We are tired. We have seen wars of all kinds - petty and great. Our nation has been torn apart - politics, armies, buildings, lives. We have moved mountains and taken flight across a vast territory of fields, factories, friends, but also enemies. It is this heavy task that makes us weary. Many of us have succumbed to sleep. They tell us to turn back, envying the sweet decay of the old ways. Wrongful war. Wrongful peace. Strife, destruction, greed. This is the easy way. It is a welcoming way for those tired like us.
But I will not ask you to turn to this route. I will ask you to pick up your crosses yet again, to raise the banners again and show the world again what it means to be free. This is our next war. Not a war of sword and gunshot, but a war of purpose and effort. A war of liberty. A war of peace.
At home, we must be brothers and fellow soldiers. We must care for those sick and poor. We must profit not only ourselves, but those who work with us, above us, and under us. To this end we should support a free economy while supporting beneficial industry for our people ((Interventionism: Supporting infrastructure as needed, building forts and ports, supporting factories to keep high employment and growth, high education spending, good administrative spending, and bringing about the beginnings of anti-monopoly and workplace fairness legislation)). We must educate all people and produce jobs where they are needed. Every able man without a job is an idle hand that could be increasing production and growth. Every man lost in poverty is an idle mind that could be supporting his nation.
We must work against the divisions of politics and ideologies that some wish to use to trip us up. Neither strife nor greed, separatism nor tyranny, rebellion nor paralysis will get us anywhere. We must debate, not out of rivalrous and partisan fighting but out of sound reasoning, to support both the industrialist and the worker, the poor and the prosperous. As we have done before, let us work to such fantasies with reason - not to ignore them, but to make them real.
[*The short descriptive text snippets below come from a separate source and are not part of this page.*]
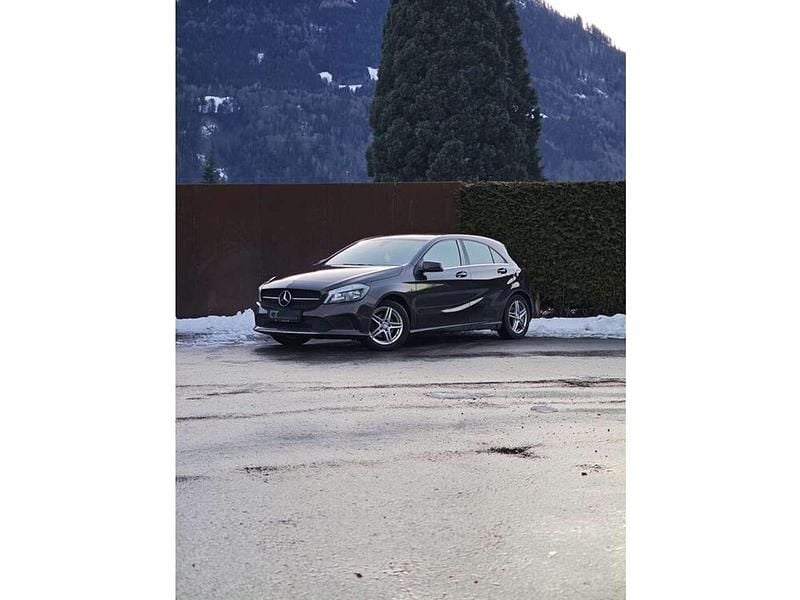 Braun Gebraucht 2016 Mercedes A180 Limousine | € 13.900 (Fairer Preis) - Bild 1/1
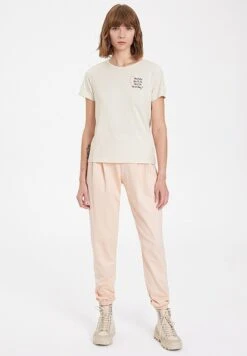 Westmark London -Westmark London 49c0243a33254773b0cc0c7be0981a46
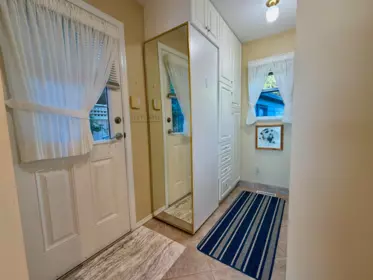 Office / Den Photo of 3199 Beach Avenue, Roberts Creek, BC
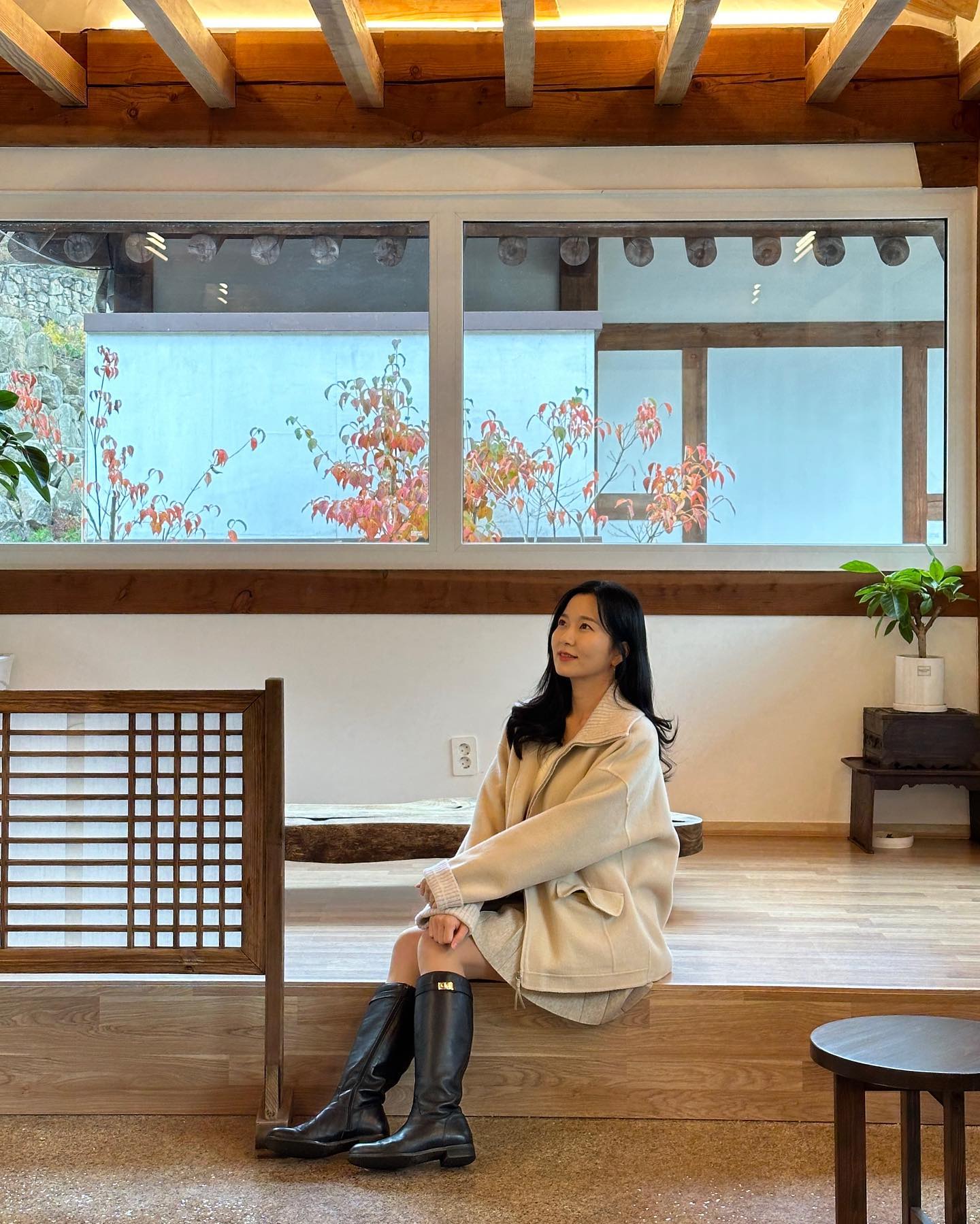 10월에 갔던 산정호수의 카페, #담화재 
현생이 너무 바빠서 인스타그램 오랜만,,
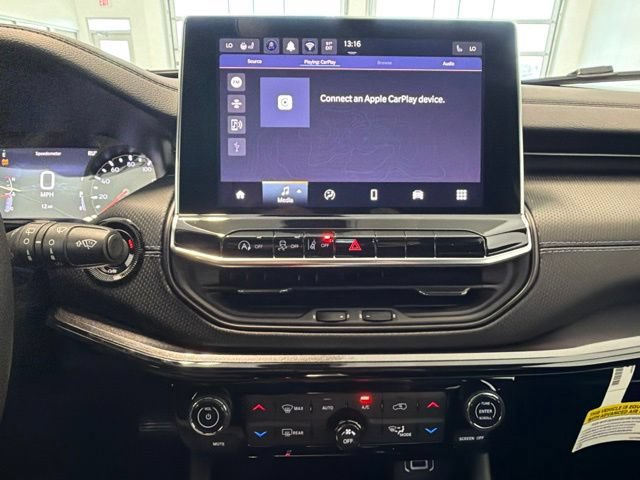 New 2026 Jeep Compass Latitude AWD/4WD image 16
Militarily, we must be cautious and ready. We must continue to produce adequate and advanced ships to protect our shores, and guns and cannon to project our force on land. We must reach out to our free allies in our mission together to support and exemplify the rights of man, most especially here in our hemisphere. We must prevent the downfall of our free neighbors to the intervention of those who hate such rights. We will not do this by reckless militarism, rampant militias, overspending, or the expansion of military political power, as they have done in other nations and we have fallen prey to in the past. Every man who is not a soldier may be a writer, a statesman, a businessman, a farmer. We must balance such things with a need to have a reasonable and flexible military force. ((Defense: American alliances with other democracies and freedom loving nations, defense of our allies in America in particular in fights against tyrannical groups (including military support, especially naval power, in just fights) diplomatic and economic support for freedom and peace around the globe, supporting free nations against tyrannical imperialism. Limited expansion of the military, mostly in regards to better trained and organized troops and expanded useful navies. Military spending to decrease to a steady slow growth.)).
In the world we must be a light to all governments, showing that peace and prosperity can go hand in hand with liberty and truth. We should seek to guide those nations just hearing of our experiments of liberty in Asia and other places, and prevent the hegemony of European tyrants. We must not seek war, but we must not seek the peace of ignorance or the quietness of falsehood. ((NonIsolationism: Alliances in the Americas primarily, but also with our friends such as in Britain. Avoidance of European politics, while keeping relations cordial enough. Influence in keeping Japan and China, among others, from falling into the wrong spheres of influence. War, especially aggressive or unjust war, should be avoided at great cost. It should not be thrown away entirely, though, if a free people need our assistance [or, of course, an attack against America - we should fight then too

]))
This is a great task before us, greater even than before - but we can achieve it. Our nation has thrown of the tyrants of imperialistic Britain, stood for the rights of our fellow men against the neglect and abuses of Santa Anna, and brought about liberty against great struggle to all men at home even in the face of widespread rebellion and destruction. We will prove to the world again that this experiment of liberty is one worth following.